The impact of using large training data set KDD99 on classification accuracy

Electrical Engineering, Başkent University, Ankara, Ankara, Turkey
DOI
10.7287/peerj.preprints.2838v1
Subject Areas
Data Mining and Machine Learning, Data Science
Keywords
Machine Learning, KDD99, Supervised Learning, Classification, Intrusion Detection, Large Datasets
Copyright
© 2017 Özgür et al.
Licence
This is an open access article distributed under the terms of the Creative Commons Attribution License, which permits unrestricted use, distribution, reproduction and adaptation in any medium and for any purpose provided that it is properly attributed. For attribution, the original author(s), title, publication source (PeerJ Preprints) and either DOI or URL of the article must be cited.
Cite this article
Özgür A, Erdem H. 2017. The impact of using large training data set KDD99 on classification accuracy. PeerJ Preprints 5:e2838v1

Abstract

This study investigates the effects of using a large data set on supervised machine learning classifiers in the domain of Intrusion Detection Systems (IDS). To investigate this effect 12 machine learning algorithms have been applied. These algorithms are: (1) Adaboost, (2) Bayesian Nets, (3) Decision Tables, (4) Decision Trees (J48), (5)Logistic Regression, (6) Multi-Layer Perceptron, (7) Naive Bayes, (8) OneRule, (9)Random Forests, (10) Radial Basis Function Neural Networks, (11) Support Vector Machines (two different training algorithms), and (12) ZeroR. A well-known IDS benchmark dataset, KDD99 has been used to train and test classifiers.
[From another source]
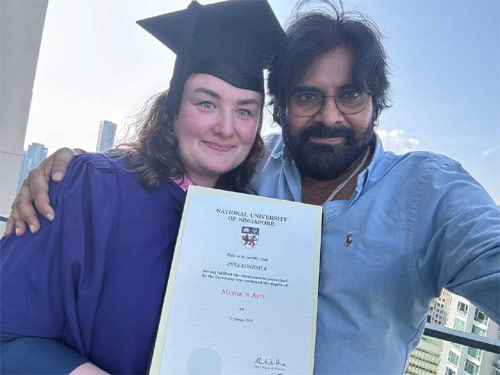 Ana Konidela holds a master's degree from the University of Singapore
Full training data set of KDD99 is 4.9 million instances while full test dataset is 311,000 instances. In contrast to similar previous studies, which used 0.08%–10% for training and 1.2%–100% for testing, this study uses full training dataset and full test dataset. Weka Machine Learning Toolbox has been used for modeling and simulation. The performance of classifiers has been evaluated using standard binary performance metrics: Detection Rate, True Positive Rate, True Negative Rate, False Positive Rate, False Negative Rate, Precision, and F1-Rate. To show effects of dataset size, performance of classifiers has been also evaluated using following hardware metrics: Training Time, Working Memory and Model Size. Test results shows improvements in classifiers in standard performance metrics compared to previous studies.

Author Comment

This is a submission to PeerJ Computer Science for review.